The agency affected most by the new licensing requirement is the Department of Developmental Services, which provides housing, therapy, job training and other supports to 16,000 Connecticut residents with intellectual disabilities.

Many also have a diagnosis of autism, and the department has contracts with dozens of private agencies and individual providers to offer what is called “clinical behavioral supports.”

The Hartford Courant reviewed a group of 60 individual providers and found that 28 were licensed behavior analysts.

Of the 32 remaining, 15 were professionals licensed in other fields, including psychologists, clinical social workers and counselors. Andresen said that if a complaint comes in that involves a professional who isn’t specifically licensed as a behavior analyst, the Department of Public Health would investigate and determine if the person’s “scope of practice” adequately covers behavior analysis.

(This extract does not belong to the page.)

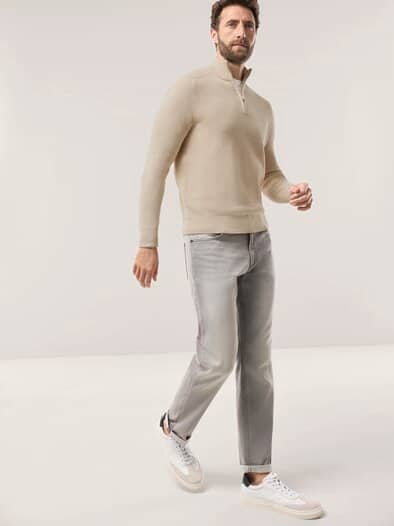 Gerippter Baumwoll-Troyer Natur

Seventeen of the providers of behavioral services had no active state license in any human service or special education field.

Six of them are currently working under contract with the developmental services agency, and Kathryn Rock-Burns, chief of staff for Commissioner Jordan Scheff.

She said the department will either require licensed supervision of those providers “or make plans to transition individuals under the care of these practitioners to qualified vendors.”

Marcantonio wasted no time in looking up her son’s behavior analyst on the Department of Public Health’s e-license lookup (she is licensed), and said the credential offers parents a level of assurance they never had.

She said that with the license comes responsibility — a duty to follow the profession’s ethical standards.

“I know that a license is harder to get back, than it is to get in the first place,” said Marcantonio, a licensed occupational therapy assistant. “They are not going to want the Department of Public Health on their case — that’s what give us as parents the protection.”